Kyrgyz leader offers to cut powers

President proposes constitutional changes in attempt to stave off protest.

    Street demonstrations in 2005 drove Askar Akayev, then president, from office [EPA]

    Bakiyev condemned the proposed protests, and said that "we will take the toughest measures to stop any illegal actions and punish those responsible".
    Bakiyev became acting president in 2005, after street demonstrations drove Askar Akayev, then president, from office.
    He was later elected president in voting that was assessed to be the most free and fair in ex-Soviet Central Asia, but since then his time in office has been plagued by allegations of cronyism and corruption.
    Bakiyev has been under growing pressure since December, when he reversed several constitutional amendments and reinstated presidential authority to form the cabinet.
    Under the most recent amendments, though, parliament would appoint the prime minister and propose members of the cabinet.

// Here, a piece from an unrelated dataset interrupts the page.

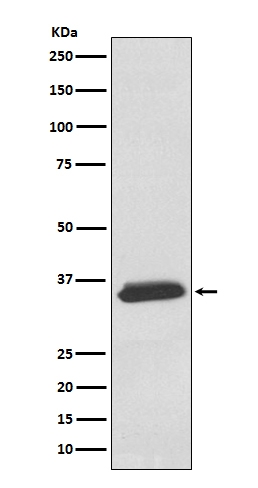 Western blot analysis of delta Sarcoglycan expression in Human fetal heart lysate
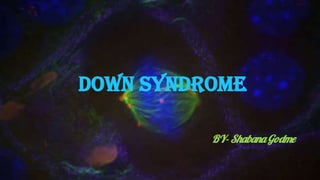 DOWN SYNDROME
BY- ShabanaGodme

    In recent weeks Bakiyev has made several concessions to the opposition, including the appointment of Almaz Atambayev, an opposition leader, as prime minister.

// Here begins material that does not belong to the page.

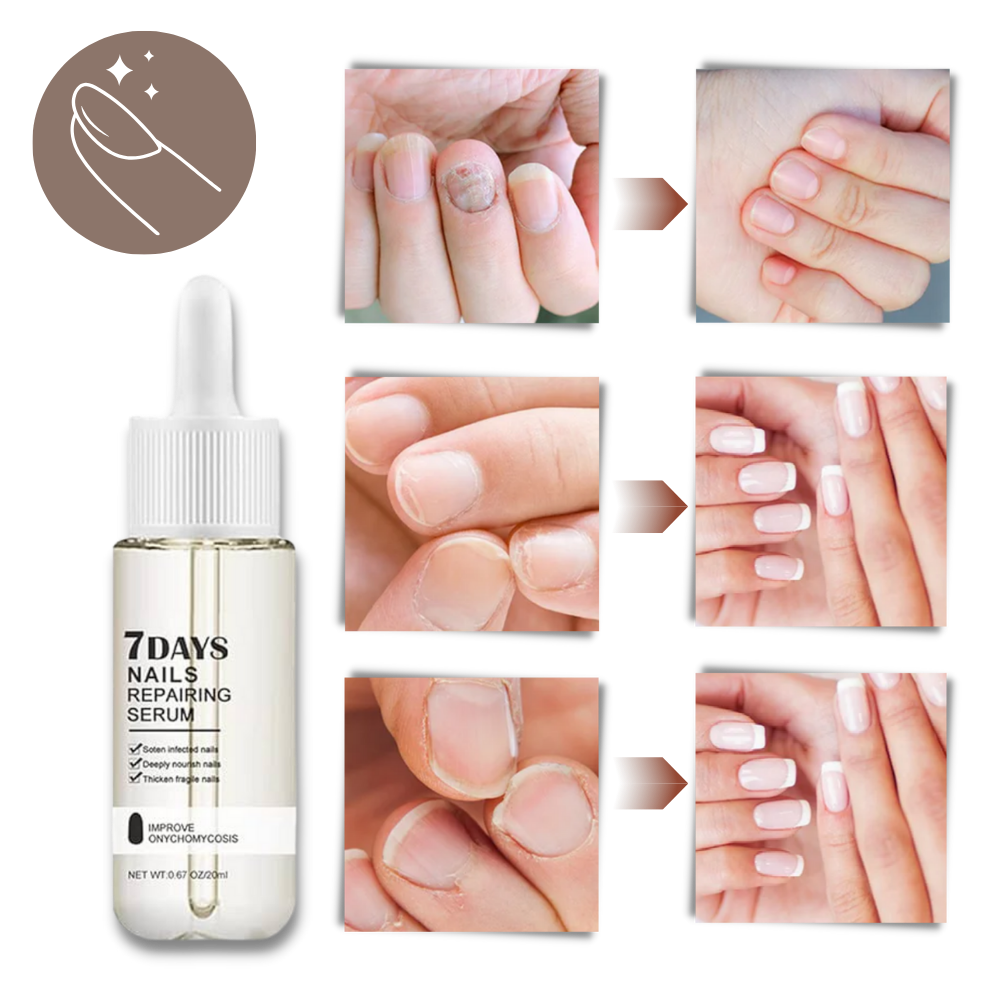 7 Days Nail Repair Essence - Ozerty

    "As president, I have done everything I could," Bakiyev said on Tuesday. "In response, I only hear ultimatums and reluctance to negotiate."
    The constitutional changes must be approved by parliament.
    Atambayev said legislators might begin discussions on Wednesday.
    Hunger strike
    "These changes will give us a strong parliament, strong government, strong judicial branch and strong president," Atambayev told a news conference.
    It was not clear how much support Wednesday's demonstration would attract, but up to 100 demonstrators have been camped outside parliament on hunger strike in traditional felt tents, known as yurts, since Thursday.
    The prospect of protests that could bring new instability to Kyrgyzstan is a concern to the US and Russia, which have interests in the country.